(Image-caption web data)
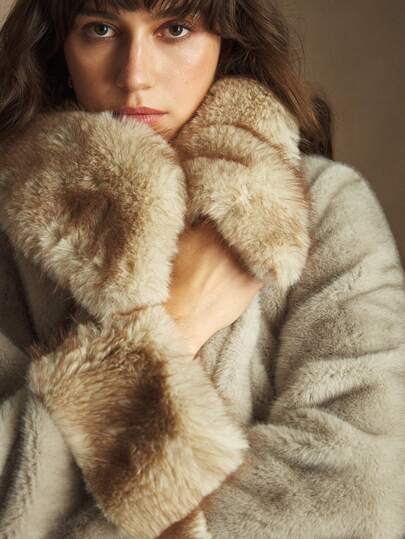 BizChic 2025 Autumn/Winter New Arrival Turndown Collar Fluffy Long Coat, Elegant, Retro Chic Urban Commute Everyday Casual Romantic 90s Christmas New Year, Suitable For Women Thanksgiving Party, Wedding Guest, Ceremony, Date Night, Music Festival, Brunch, Airport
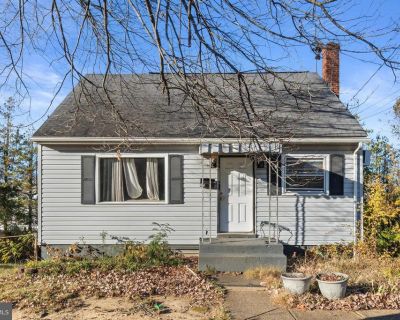 3 Bedroom 1BA 1728 ft Single Family House For Sale in Woodbridge, VA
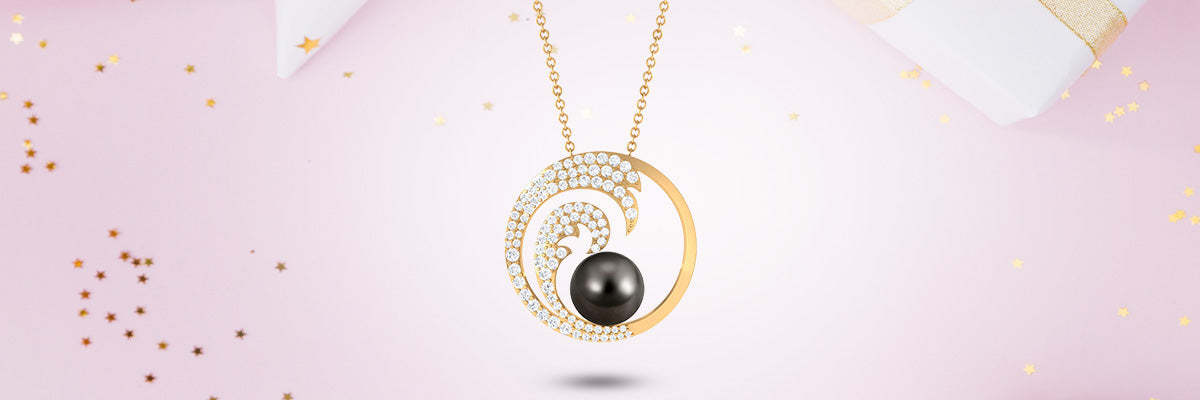 A Sea Wave Black Pearl Pendant-Bold and Elegant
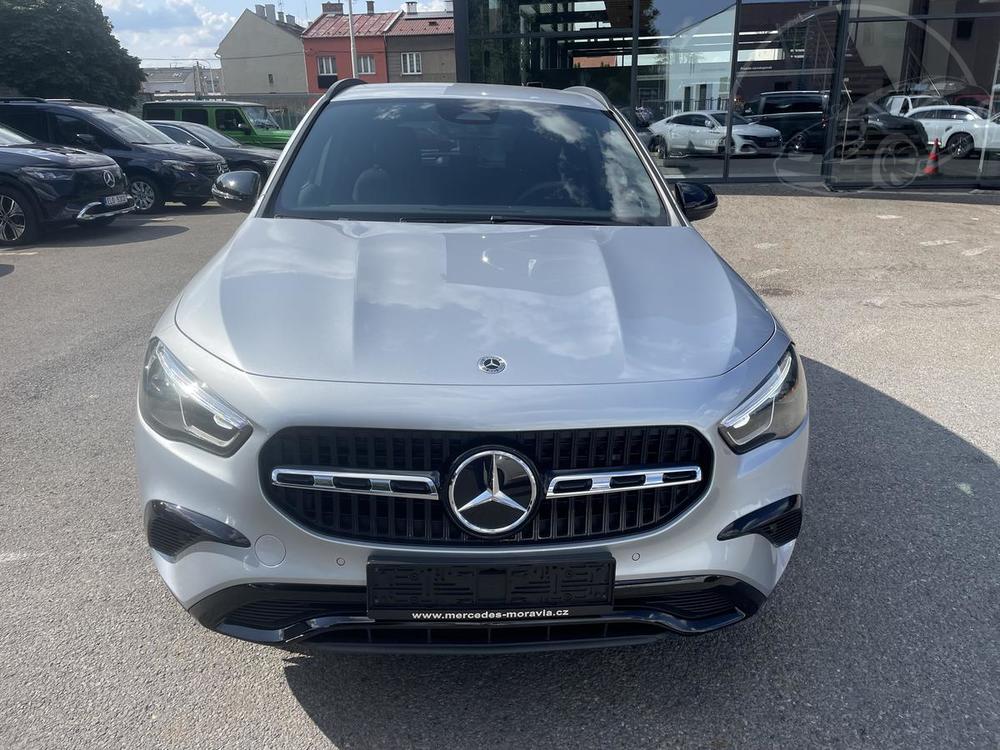 Mercedes-Benz GLA 200 d 4MATIC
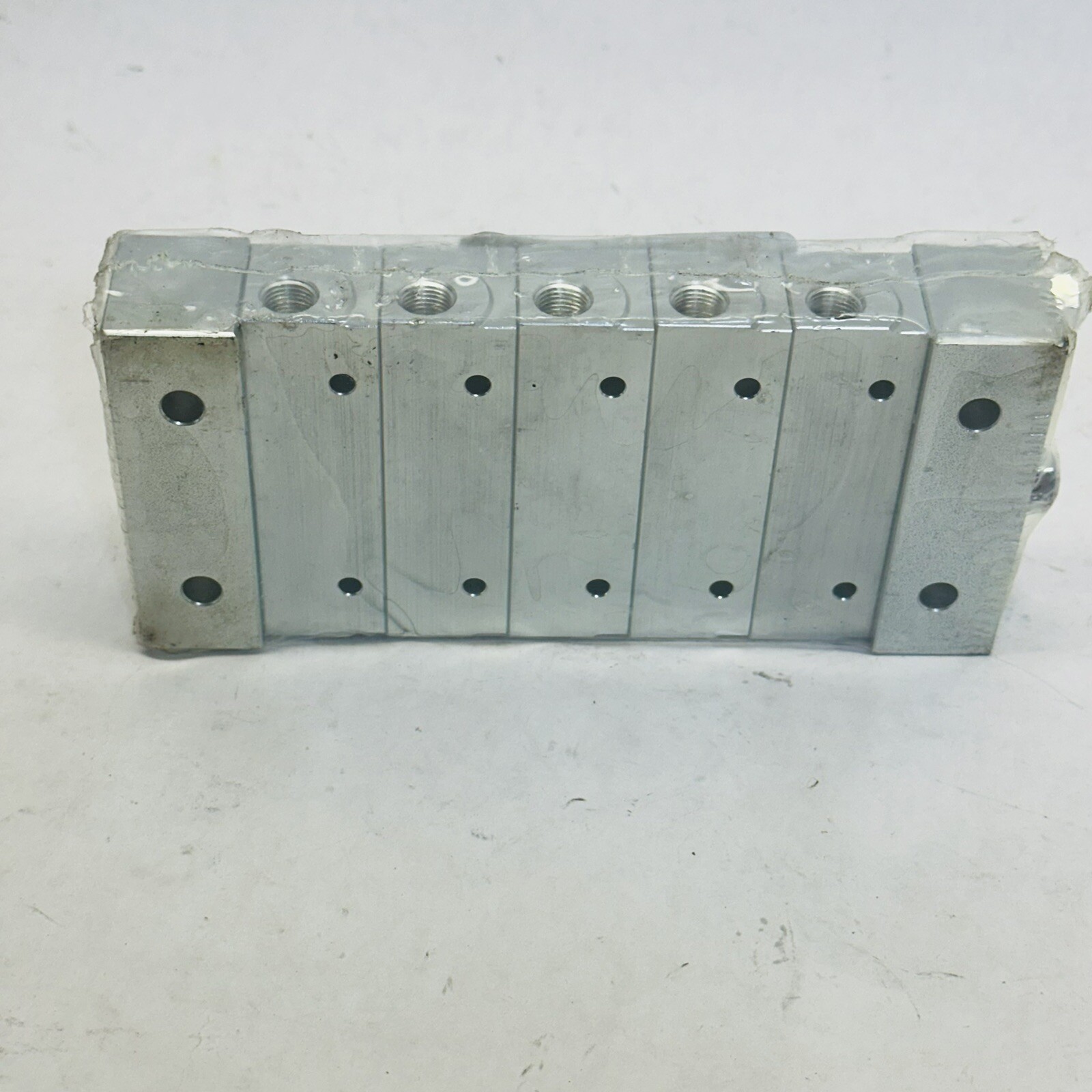 GRACO 24G487 / KF24A / D24C DIVIDER VALVE BASE PLATE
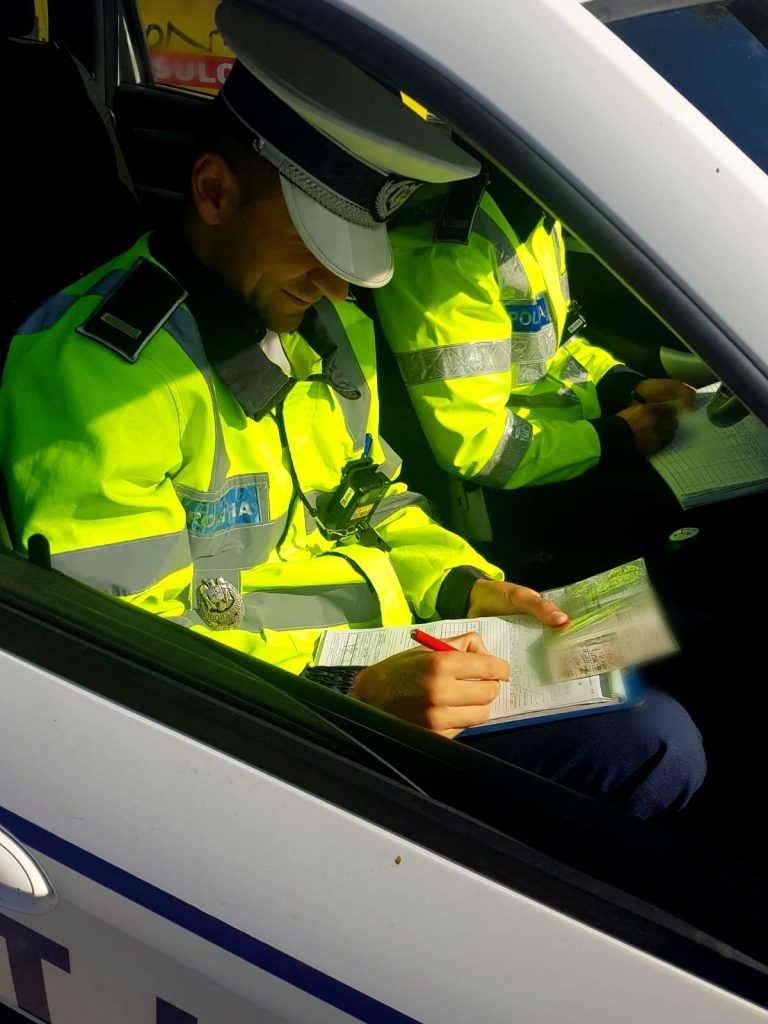 Un tânăr din Vama a fost oprit de polițiști din drumul lui spre iubită. Amorezatul s-a urcat fără permis la volanul unei mașini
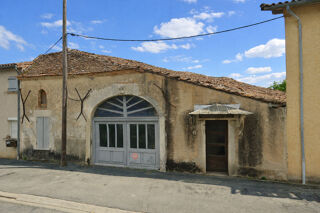  Immeuble � vendre 2 pi�ces 215 m�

→ Problem requirements
All lines from the one containing "Mercedes-Benz GLA 200 d 4MATIC" through the final line of the records are to be retyped exactly; no other lines and no pictures are to be included.

→ Output
 Mercedes-Benz GLA 200 d 4MATIC
 GRACO 24G487 / KF24A / D24C DIVIDER VALVE BASE PLATE
 Un tânăr din Vama a fost oprit de polițiști din drumul lui spre iubită. Amorezatul s-a urcat fără permis la volanul unei mașini
  Immeuble � vendre 2 pi�ces 215 m�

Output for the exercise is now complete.